EXERCISE OBJECTIVE
Leave out the pictures and retype, exactly, the lines below from the line with "Front and passenger" up to and including the line with "George W Bush", nothing more.
___ DATA PROVIDED ___
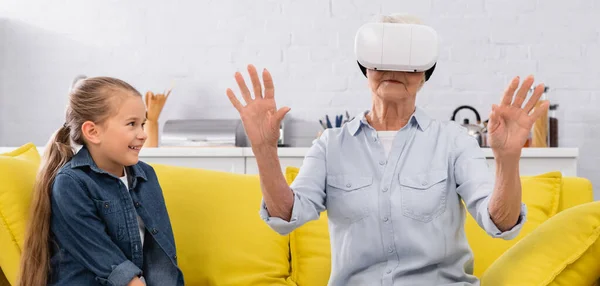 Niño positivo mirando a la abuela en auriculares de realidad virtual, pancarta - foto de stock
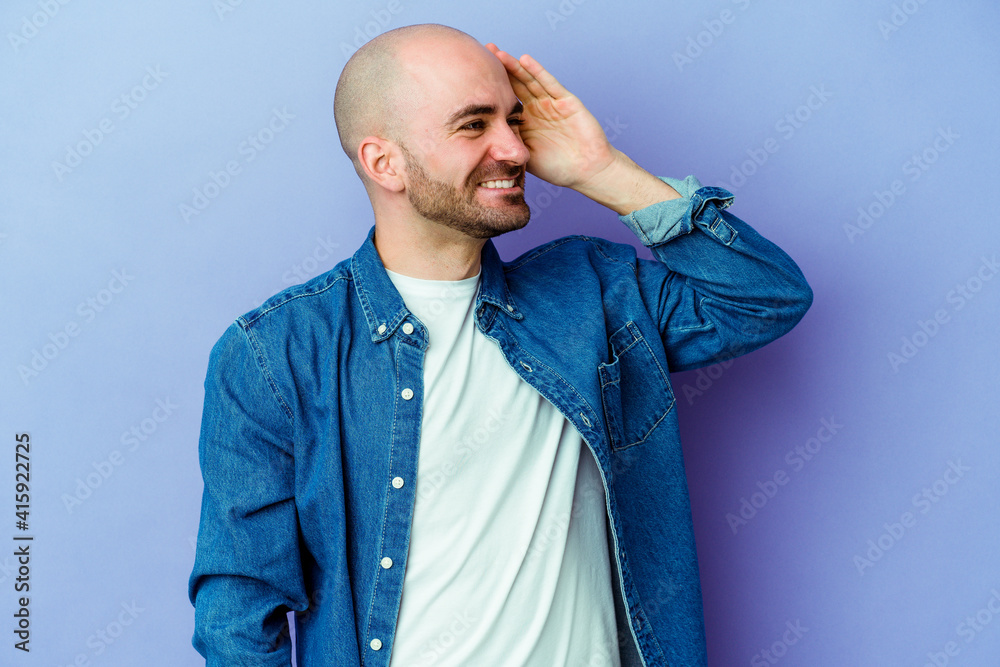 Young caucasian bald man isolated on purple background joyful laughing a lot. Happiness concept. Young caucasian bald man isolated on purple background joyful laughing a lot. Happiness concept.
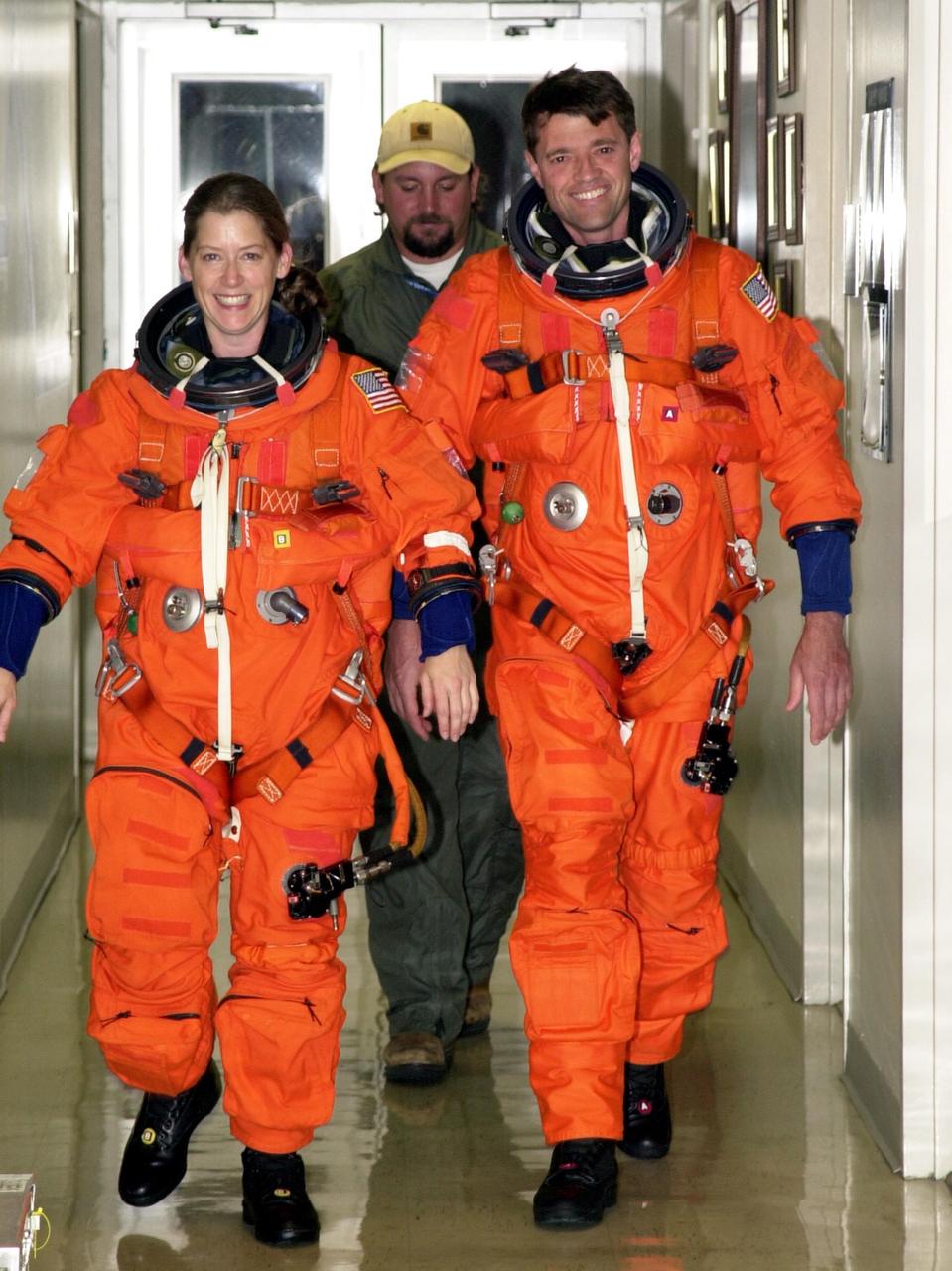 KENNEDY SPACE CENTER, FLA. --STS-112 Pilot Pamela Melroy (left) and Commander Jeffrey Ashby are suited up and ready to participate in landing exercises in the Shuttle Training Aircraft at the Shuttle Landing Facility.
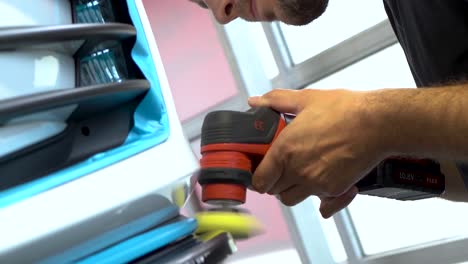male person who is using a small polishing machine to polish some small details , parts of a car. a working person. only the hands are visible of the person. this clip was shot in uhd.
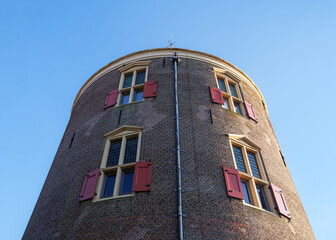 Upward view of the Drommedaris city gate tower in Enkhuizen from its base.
___
___ DATA PROVIDED ___
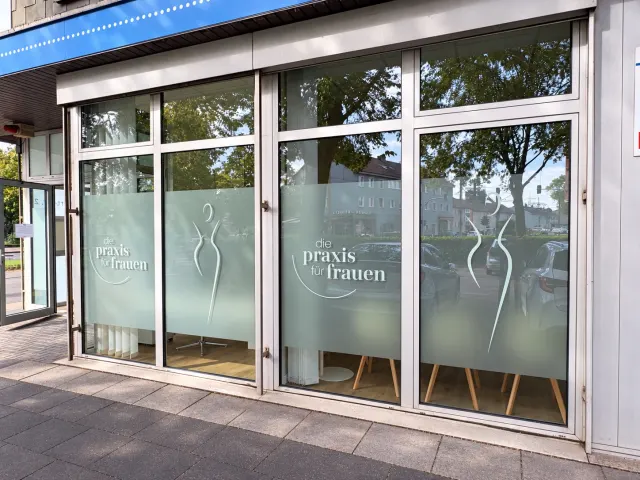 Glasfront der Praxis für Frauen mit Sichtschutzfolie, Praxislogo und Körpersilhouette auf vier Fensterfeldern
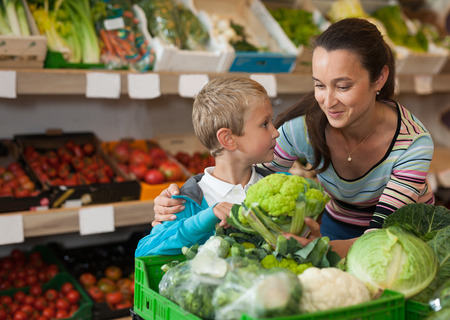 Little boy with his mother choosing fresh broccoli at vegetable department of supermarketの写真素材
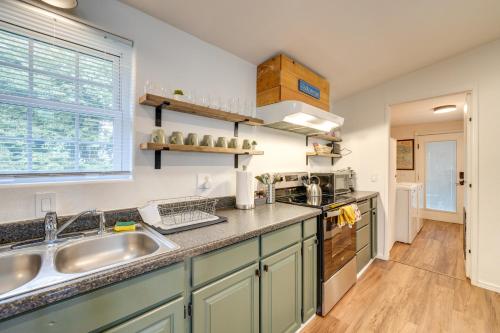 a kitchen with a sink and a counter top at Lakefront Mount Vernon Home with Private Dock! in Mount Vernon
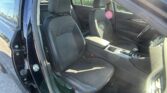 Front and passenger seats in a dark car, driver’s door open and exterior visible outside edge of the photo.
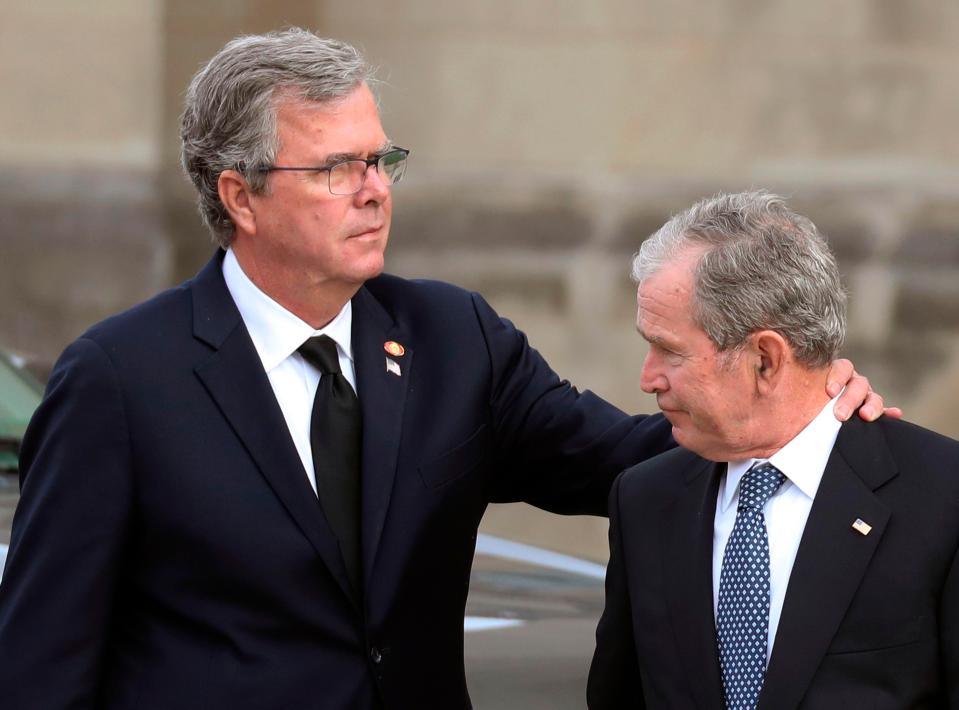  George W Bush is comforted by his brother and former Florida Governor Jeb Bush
___
RESULT BELOW
 Front and passenger seats in a dark car, driver’s door open and exterior visible outside edge of the photo.
  George W Bush is comforted by his brother and former Florida Governor Jeb Bush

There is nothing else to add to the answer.